The traditional American hymn to life in the wilds of the West talks about a home “where seldom is heard, a discouraging word, and the skies are not cloudy all day.”
It’s the kind of life that many city folks dream about, but never get to experience.
Lisa Bergeron had that dream, and five years ago she found just the place, 12 miles west of DeKalb on Rich Road, plus a couple more miles on gravel roads.
It isn’t quite the edge of the world, but if you consider Ogle County not far from it, she is pretty close to the county line.
Her job takes her back to Sycamore Road in the former Monsanto building, where she works as a grant writer for Northern Illinois University. But once she gets home to her small acreage and large yellow farmhouse, you’d never know she has two master’s degrees and is also an adjunct professor.
Bergeron reminds me of a 21st century Annie Glidden, another “pioneer woman” who was highly educated, could mix with people from all walks of life, but loved her farm and life in the country.
Lisa comes by it naturally, as her grandparents farmed south of DeKalb. She still has her grandmother’s large fountain running in her spacious, but well landscaped, back yard.
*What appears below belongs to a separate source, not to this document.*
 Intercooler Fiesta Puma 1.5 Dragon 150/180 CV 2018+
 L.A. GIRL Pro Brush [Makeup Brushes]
Living somewhat distant from her friends, she still finds them willing to make the trek out there to enjoy a summer bonfire, do some target shooting or archery practice, and even volunteering to mow her acres of lawn with a riding mower. Sort of reminds me the way Tom Sawyer got his buddies to whitewash the fence for him by telling them how much fun it could be.
She does not find the rural life lonely, surrounded by three big dogs, friendly neighbors, one of whom is a second cousin who farms the land around her farmette, and lots of wildlife. She can hear the coyotes howl at night, and sees lots of deer, foxes, rabbits, ground squirrels, and the dreaded badgers. She decided to buy a shotgun to keep the badgers from getting into a scrap with her dogs, since the dogs would lose that battle.
A self-taught “handyperson,” she relishes tackling large renovation projects, like the rundown farmhouse she purchased. Carpentry and other interior redecorating are just enjoyable hobbies to her.
Asked what is most different from living in town, she mentioned having a 183-foot deep well, septic system, generator for those inevitable power outages, and two liquid petroleum fireplaces to keep her warm when the electricity is off. Then there are those four-foot snow drifts that pile up at the end of the lane.
But it’s all a labor of love. Bergeron’s plan is for this also to be her retirement home in 20 years, and maybe by then she will have the house all finished the way she wants it.
Way out there “where the deer and the antelope play.”